Sounds socialistic? Yankee-style competition is alive and well, too. While the plummeting fares of Europe's discount airlines have been grabbing the headlines, a nice ripple effect is how well the rail system has risen to the challenge. I just read an "advert" in London claiming that more business travelers now ride the Eurostar train from London to Paris than all airlines combined. I can see why on my last trip under the English Channel, the ease, speed and comfort of the train impressed upon me that this was better than flying. By October, travel time from downtown London to downtown Paris will drop to just to 2.5 hours. Factor in time saved by avoiding the trip to the airport, check-in lines and security delays, and the numbers speak for themselves.
When I do fly, I'm zipping out to airports on new express train services (Oslo's new airport is even farther out of town than Denver's). Just today, I zipped right past Milan's rush hour gridlock to Malpensa airport on the sleek Malpensa Express (2 hours, 40 minutes, $10).
Planning this summer's trip, I was disappointed that the overnight train no longer runs from Stockholm to Oslo. Then I realized why: a brand new train does the trip in a zippy five hours. Rocketing across Scandinavia, I was surprised with a hot dinner (it came with my first class railpass and reservation). Under a late evening Scandinavian sun, my train seemed to skate over glassy lakes, then banked around corners through lush birch forests. I stuck the Swedish flag toothpick in my meatball and just gazed in amazement out the window.
When I made my reservation in Denmark, the lady at the counter asked me a new question: "quiet car?" Having lots of writing to do, I said "Ya sure." And I rode with local businessmen in silence: no cell phones, no children, no walkmen. Just serious readers, Danish workaholics, and a travel writer organizing his thoughts.
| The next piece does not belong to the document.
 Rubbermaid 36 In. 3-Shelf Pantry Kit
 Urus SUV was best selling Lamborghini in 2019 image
For those with play on their minds, France is all abuzz over how the TGV is bringing the country's quiet corners within easy striking distance of Paris. A beach break on the Mediterannean is now an easy half-day away from the Champs-Elysees.
Beyond speed, today's rail traveler has choices that were unheard of thirty years ago, when my railpass choice was kindergarten-simple: 30, 60 or 90 days to cover 17 countries (whether I wanted 'em or not). Today, travelers can be flexi in both days and countries paid for and covered. In other words, you can choose any individual 5 to 10 train days in a two month window and lace together any 3, 4, or 5 neighboring countries to tailor the most economical pass for your trip needs.
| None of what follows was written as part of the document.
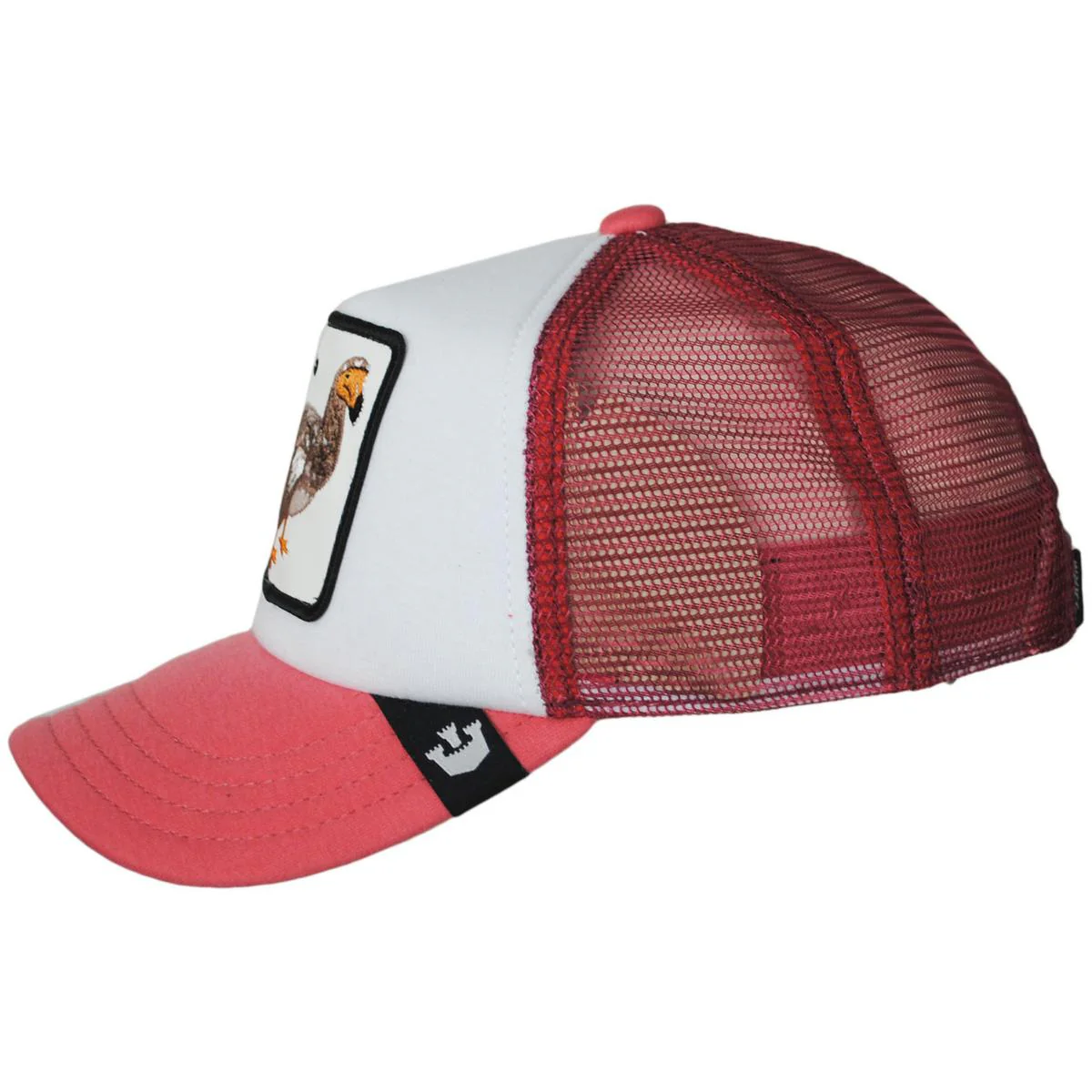 Kid's Dodo Mesh Trucker Snapback Baseball Cap - Image 3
Every time I finish a train ride caught up on my research, well-rested, and unfrazzled, I think "I could be behind the wheel about half way to my destination fighting European traffic." Sure, some trips make sense by car. But for big city hopping, rail is my choice. And perhaps the biggest, most costly mistake American travelers make in planning their trip is under-estimating how well Europe's public transportation system can lace together the trip of their dreams.